SGLang
The SGLang driver is a prototype. Interfaces, defaults, and capabilities change frequently.
type = "sglang". A subprocess Python driver that delegates the forward pass to SGLang. Pie wraps a curated subset of SGLang's ServerArgs; memory and batch capacity are resolved by the driver and reported back through DriverCapabilities.
Use this driver to run a model that the embedded cuda_native driver does not yet implement, or to run against SGLang's attention kernels and its n-gram speculative decoding.
Capabilities
The bridge runs SGLang's standard causal attention. It replaces SGLang's LogitsProcessor with a hidden-state capture hook and runs the stock forward pass; there is no path for arbitrary attention masks. It reports the following through DriverCapabilities:
supports_user_attention_mask = false. User-supplied attention masks are silently dropped.supports_adapters = false.init_adapter,update_adapter, andload_adapterraiseNotImplementedError.
Inferlets that need custom masks or adapter math must run on the cuda_native driver.
Install
pie driver sglang install ~/.pie/venvs/sglang --run
pie driver sglang set venv ~/.pie/venvs/sglang
pie driver sglang doctor
This installs pie-driver-sglang into a Python 3.12 virtual environment. SGLang, Torch, and FlashInfer pins are co-resolved. The install is large: roughly 5 to 10 GiB on disk.
Configuration
[model.driver]
type = "sglang"
device = ["cuda:0"]
activation_dtype = "bfloat16"
[model.driver.options]
venv = "/home/me/.pie/venvs/sglang"
attention_backend = "triton" # triton / flashinfer / fa3 / fa4 / …
mem_fraction_static = 0.65
disable_radix_cache = true
disable_cuda_graph = false
# cuda_graph_max_bs = 256 # default: sglang auto-picks
# chunked_prefill_size = 8192 # default: sglang auto-picks
kv_cache_dtype = "auto"
trust_remote_code = true
# context_length = 8192 # default: read from HF config
# Pinned-host KV pool for D2H/H2D swap (GiB). 0 disables swap.
cpu_mem_budget_in_gb = 0
# n-gram speculative decoding (driver-side drafts)
spec_ngram_enabled = false
spec_ngram_num_drafts = 4
spec_ngram_max_depth = 18
spec_ngram_capacity = 1_000_000
| Key | Default | Description |
|---|---|---|
attention_backend | "triton" | triton / flashinfer / flex_attention / fa3 / fa4 / aiter / wave / torch_native / etc. triton works on any NVIDIA SM 7.5+ and is stable across SGLang versions. |
mem_fraction_static | 0.65 | Fraction of free GPU memory reserved for KV cache + activations.

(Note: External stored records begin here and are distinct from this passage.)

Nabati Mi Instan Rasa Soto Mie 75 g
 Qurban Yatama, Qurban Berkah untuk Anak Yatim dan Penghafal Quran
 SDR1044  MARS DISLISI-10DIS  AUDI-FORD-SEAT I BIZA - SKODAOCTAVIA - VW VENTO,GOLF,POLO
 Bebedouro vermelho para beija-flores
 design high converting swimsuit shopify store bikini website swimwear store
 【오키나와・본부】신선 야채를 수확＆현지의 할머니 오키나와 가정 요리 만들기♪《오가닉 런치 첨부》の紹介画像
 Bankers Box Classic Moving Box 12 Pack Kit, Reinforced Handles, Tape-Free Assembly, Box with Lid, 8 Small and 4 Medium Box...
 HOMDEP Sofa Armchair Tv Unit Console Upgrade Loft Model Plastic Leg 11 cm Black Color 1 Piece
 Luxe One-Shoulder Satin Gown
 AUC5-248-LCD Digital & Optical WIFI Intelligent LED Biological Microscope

Lower than SGLang's standalone 0.88 because Pie's KV-rebind allocates a parallel tensor in Pie's canonical layout. |
disable_radix_cache | true | Disable SGLang's radix cache. Pie's scheduler owns prefix sharing, so the default avoids duplicated caching work. |
disable_cuda_graph | false | Run eager (no torch.compile, no CUDA graphs). |
cuda_graph_max_bs | unset | Override the largest CUDA-graph batch-size bin SGLang captures. Unset uses SGLang's auto-pick. |
chunked_prefill_size | unset | Chunked-prefill size override. |
kv_cache_dtype | "auto" | KV cache element dtype. auto inherits the activation dtype. |
trust_remote_code | true | Trust user-supplied remote code in HF repos (needed for some models). |
context_length | unset | Explicit context length cap. Unset reads from HF config. |
cpu_mem_budget_in_gb | 0 | Pinned-host KV pool for D2H/H2D swap, in GiB. 0 disables swap. (Pie knob, not an SGLang ServerArgs field.) |
spec_ngram_enabled | false | Enable n-gram speculative decoding. The driver maintains a per-session token history, proposes linear draft continuations, and the runtime verifies them in the shared batch path. The inferlet opts in to receiving drafts by calling output_speculative_tokens(true); otherwise drafts are dropped. |
spec_ngram_num_drafts | 4 | Drafts proposed per accepted iteration. |
spec_ngram_max_depth | 18 | Maximum n-gram trie depth. |
spec_ngram_capacity | 1_000_000 | Approximate node budget for the trie. |
The SGLang driver uses SGLang's resolved page size and scheduler limits, then
reports them in DriverCapabilities during startup. Pie config does not accept
manual SGLang batch-capacity overrides such as max_running_requests or
max_total_tokens.
Supported architectures
SGLang accepts anything in its model zoo. See the SGLang supported models list for the authoritative roster.
Quantization
SGLang has its own quantization knobs (quantization, kv_cache_dtype, etc.). Set them under [model.driver.options] exactly as SGLang expects.